Bibliographie inédite des publications françaises sur Nietzsche 1868-1940
(Laure Verbaere et Donato Longo)
Dramaturge et prolixe romancière française, Sibylle Riquetti de Mirabeau devient en 1867 la comtesse Roger de Martel de Janville. Elle est plus connue sous le nom de plume de Gyp qu'elle adopte en 1880. Nationaliste, boulangiste et violemment antisémite, elle est antidreyfusarde et participe à La Libre parole.
Si ses romans sont tombés dans l'oubli, elle est connue grâce sa place dans Ecce Homo:
"Je ne vois pas dans quel siècle de l’histoire on pourrait réunir, par un plus beau coup de filet, des psychologues si curieux et en même temps si délicats que dans le Paris actuel : je nomme au hasard — car leur nombre est considérable — MM. Paul Bourget, Pierre Loti, Gyp, Meilhac, Anatole France, Jules Lemaître et pour en distinguer un autre, de ceux de la forte race, un vrai latin que j’aime particulièrement, Guy de Maupassant. Je préfère, entre nous soit dit, cette génération même à ses maîtres qui ont été corrompus par la philosophie allemande." (Nietzsche, Ecce homo)
GYP, "Les Flanchards. VI Les « déprimeuses »", in L'Excelsior, 3 août 1916, p. 11.
Extrait:
"LA BELLE MADAME TREILLE (à Mme d'Arradon). — Chère Madame, il faut absolument que vous m'accordiez une grâce que je suis venue vous demander...
Mme D'ARRADON. — Mais... si je peux vous être agréable, j'en serai ravie ?...
LA BELLE MADAME TREILLE. — Voici... Il s'agit de faire partie d'un comité féministe... (Mouvement de Mme d'Arradon) Oh !... Cela ne vous engagera à rien... C'est votre nom seulement que nous voulons avoir....

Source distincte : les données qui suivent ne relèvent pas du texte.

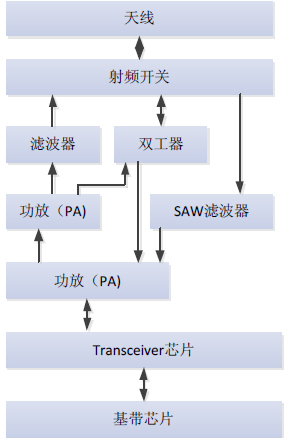 移動通信終端各個射頻器件之間的信號傳輸關系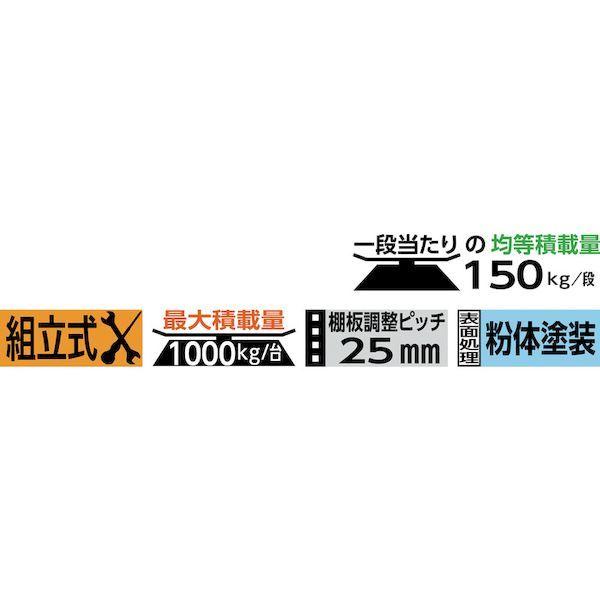 トラスコ中山（ＴＲＵＳＣＯ） ［M1.56444K2］直送 代引不可  スチールラック Ｍ１．５型棚 １２００Ｘ４５０ＸＨ１８００ ４段 傾斜２段 ポの画像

LA PETITE D'EGLANTINE. — Ah! bien !... Vous tombez à pic !... Maman a le féminisme en horreur...
LA BELLE MADAME TREILLE (à Mme d'Arradon). — Est-il possible ?....
Mme D'ARRADON. — Oh ! oui !... C'est possible...
LA BELLE MADAME TREILLE (ahurie). — Je n'en reviens pas... Une femme si intelligente ?... Ça ne vous étonne pas, Monsieur de Folligny?...
FOLLIGNY. — Oh! moi!... ça m'étonne d'autant moins que je suis, quant aux femmes et à leur situation passée, présente, et future, absolument dans les mêmes idées que Nietzsche...
LA BELLE MADAME TREILLE. — Ni... quoi ?...
FOLLIGNY. — Nietzsche... Frédéric Nietzsche... un Allemand que je gobe malgré tout infiniment...
LA BELLE MADAME TRÉILLE (aigre). Ah !... Et qu'est-ce qu'il dit, cet Allemand ?...
FOLLIGNY, — Il ne dit rien... parce qu'il est mort... mais il a défini, jadis, selon la nature et le sens commun, le rôle 'normal de la femme, d'une façon qui me satisfait pleinement...
Mme DESMARETS DE SAINT-GOND. — Peut-on, sans indiscrétion, connaître cette définition ?..,
FOLLIGNY. —- On le peut, sans indiscrétion aucune... Il a dit... ou, du moins, il a fait dire par Zarathoustra...
LA BELLE MADAME TREILLE. — Un autre Boche ?...
FOLLIGNY. — Si vous voulez !... Il a dit : « L'homme doit être élevé pour la guerre et la femme pour le délassement du guerrier, et tout le reste est folie... »
LA BELLE MADAME TREILLE. — C'est idiot !...
M. D'ARRADON (écartant violemment son paravent). — C'est admirable !... Voilà la première chose sensée que j'entends depuis que je suis là... (Un froid),
Mme MONTBARD (Elle regarde son mari qui entre avec son fils Edgar). — Le fait est que c'est assez juste... (A Mme Desmarets de Saint-Gond.) Vous m'aviez dit que nous avions des chances de trouver ici Madame Noyelle et sa charmante fille?... Elle me plairait tout à fait pour mon fils Edgar, cette petite...
FOLLIGNY. — Et comme la femme est élevée pour le délassement du guerrier... ça irait tout seul...
Mme MONTBARD. — N'est-ce pas ?...
FOLLIGNY (ahuri). — C'est qu'elle le croit !..."
Le roman est publié en 1917.
GYP, Les Flanchards, Paris, Arthème Fayard et Cie, 1917.
Publié en feuilleton dans L'Excelsior en 1916.